= Year 1809 =

Year 1809 (Märkesåret 1809 in Swedish and Merkkivuosi 1809 in Finnish, literally meaning "The Significant Year 1809") was a joint SwedishFinnish government project about the 2009 bicentennial of the division of Sweden, when Sweden had to cede Finland to Russia. Both Sweden and Finland observed the bicentennial with various activities, which showed both the history of the partition and the close connection between the two countries since the mid 13th century.

== Background ==
For 560 years, since the Second Swedish Crusade in 1249, Sweden and Finland had been one country; but after the Russian victory in the Finnish War 1808-1809, Sweden had to cede Finland to Russia at the Treaty of Fredrikshamn on 17 September 1809. Russia in turn made Finland the autonomous grand principality the Grand Duchy of Finland, a constitutional monarchy within the autocratic Russian Empire.

Year 1809 was significant in many ways for both countries, beside being the year that separated Finland from Sweden. For Sweden, 1809 was also the birth year of modern Swedish constitutional monarchy, as the Constitution of 1809 returned Sweden to parliamentarism and put an end to the enlightened absolutism that Gustav III had introduced through a coup d'état in 1772. It was also the year when the Parliamentary Ombudsman and the Committee on the Constitution were created. For Finland, the eventual realisation that it would never be reunited with Sweden, gave birth to Finnish nationalism, thus creating the foundation for the Finnish independence in 1917.

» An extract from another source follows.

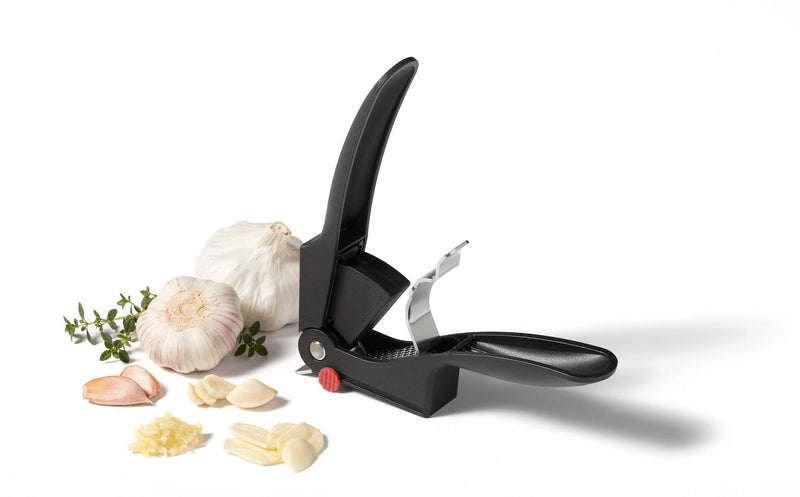 Starfrit 3-in-1 Dishwasher Safe Garlic Press with Scraper B9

The separation of Sweden and Finland had consequences outside the two countries. When the Finnish War started, after an attack from Russia in February 1808, Sweden had just started an invasion of Norway, having joined the British side in the Napoleonic Wars against France and its ally Denmark–Norway. This two-front war was largely the reason for the loss against Russia. In 1812 and early 1813, the newly elected Swedish crown prince, the French marshal and former commander under Napoleon, Jean Baptiste Bernadotte held secret negotiations with both Russia, United Kingdom and Prussia, where he offered to join the battle against Napoleon in return for Sweden getting Norway as prize. They agreed, and in 1813 he allied Sweden with Napoleon's enemies of the Sixth Coalition in order to secure this. Charles John, as the Commander-in-Chief of the Northern Army, successfully defended the approaches to Berlin and was victorious in battle against Oudinot in August and against Ney in September at the Battles of Großbeeren and Dennewitz. But after the Battle of Leipzig he went his own way, determined at all hazards to cripple Denmark and to secure Norway, defeating the Danes at Bornhöved in December. His efforts culminated in the Treaty of Kiel, where king Frederick VI of Denmark agreed to cede Norway to Sweden. The Norwegians weren't as keen, though, but after losing the Swedish-Norwegian War of 1814, Norway entered a personal union with Sweden which lasted until 1905, when Norway reached full independence.